1.5 Where to Go Next¶
This module introduced the foundational concepts. The subsequent modules build progressively:
- Module 2 (
02-core-principles.md) covers the core principles that govern effective prompts: specificity, decomposition, iteration, and evaluation. - Module 3 (
03-patterns.md) catalogs the major prompting patterns (few-shot, chain-of-thought, role-playing, ReAct) with worked examples. - Module 4 (
04-best-practices.md) addresses production concerns: token management, context-window optimization, version control for prompts, and team workflows. - Module 5 (
05-advanced-patterns.md) treats advanced topics: retrieval-augmented generation (RAG), adversarial robustness, multimodal prompting, and systematic evaluation. - Module 6 (
06-agentic-patterns.md) covers agentic architectures: plan-and-execute, reflection loops, multi-agent collaboration, memory management, and tool-use safety.

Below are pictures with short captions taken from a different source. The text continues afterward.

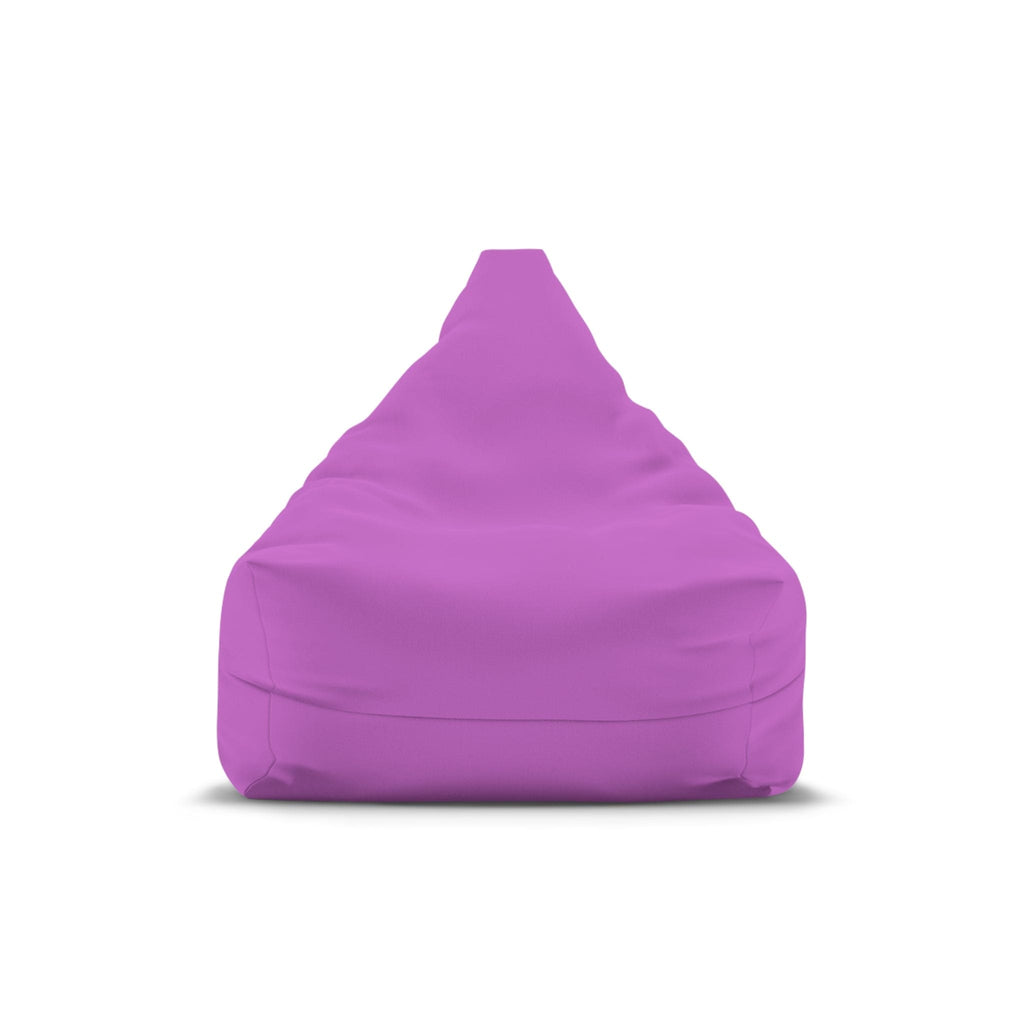 Pouf Poire Mauve 69 cm × 76 cm × 64 cm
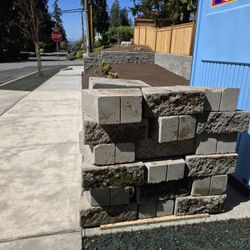 **Pending **Landscape Blocks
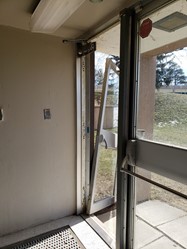 Vandalism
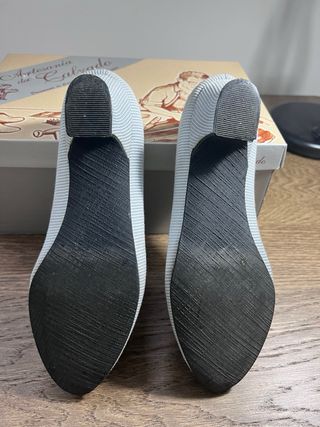 Zapatos Fallera Talla 35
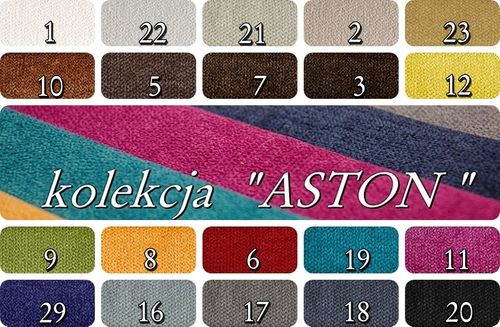 Łóżko tapicerowane FRESH 140/200 na Arena.pl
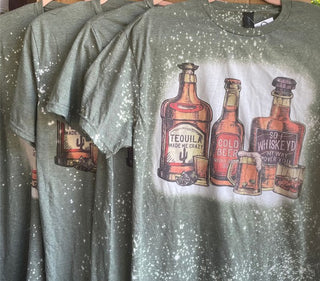 Country Music Graphic Tee, Southern Chic Wholesale - A Blissfully Beautiful Boutique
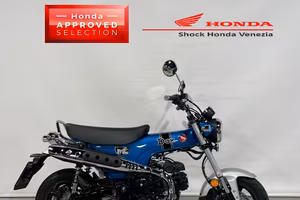 Honda Dax 125 ABS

The comparisons/ subdirectory contains deep-dive analyses of specific techniques (e.g., Chain-of-Thought variants, ReAct vs. standard prompting). These are referenced from Modules 3 and 5 and can also be read independently.
Check Your Understanding¶
Q1: What are the five components of a well-structured prompt?
**Answer:** **Role**, **Context**, **Task**, **Constraints**, and **Examples**. A prompt need not include all five, but explicitly considering each raises quality — even when you decide to omit one.Q2: A prompt that opens with “You are a senior DevOps engineer” is using which component?
**Answer:** **Role assignment**. Role priming reduces ambiguity about voice, expertise level, and assumed audience, which measurably affects output quality on technical tasks.Q3: What is the key difference between prompt engineering and fine-tuning?
**Answer:** Prompt engineering shapes model behaviour at **inference time** through natural language, without changing model weights. Fine-tuning updates the model’s weights using a training dataset. PE is faster to iterate and works with any API-accessible model; fine-tuning produces a specialised model with lower per-query latency.Exercises¶
Exercise 1.1 — Prompt Decomposition. Take the following naive prompt and rewrite it using all five structural components (Role, Context, Task, Constraints, Examples): "Summarize this research paper." Your engineered prompt should be specific enough that two different LLMs would produce substantially similar outputs.
Exercise 1.2 — Ambiguity Identification. Consider the prompt: "Write tests for the User model." List at least five ambiguities in this prompt (e.g., which testing framework? what constitutes the User model?). Then rewrite the prompt to eliminate each ambiguity.
Exercise 1.3 — Comparative Analysis. Using any LLM you have access to, submit both the naive and engineered email-validation prompts from Section 1.2. Compare the outputs along three dimensions: correctness, completeness, and consistency across repeated runs. Document your findings in a brief (200–300 word) analysis.
Validated against: GPT-4o (2025-11), Claude 3.5 Sonnet, Gemini 1.5 Pro — February 2026.
Behavioral claims may drift as models are updated. Performance figures marked (approx.) are illustrative.
References¶
- [Brown2020] Brown, T. B., Mann, B., Ryder, N., Subbiah, M., Kaplan, J., Dhariwal, P., … & Amodei, D. (2020). Language models are few-shot learners. Advances in Neural Information Processing Systems, 33, 1877–1901.
- [Zheng2023] Zheng, L., Chiang, W.-L., Sheng, Y., Zhuang, S., Wu, Z., Zhuang, Y., … & Stoica, I. (2023). Judging LLM-as-a-judge with MT-Bench and Chatbot Arena. Advances in Neural Information Processing Systems, 36.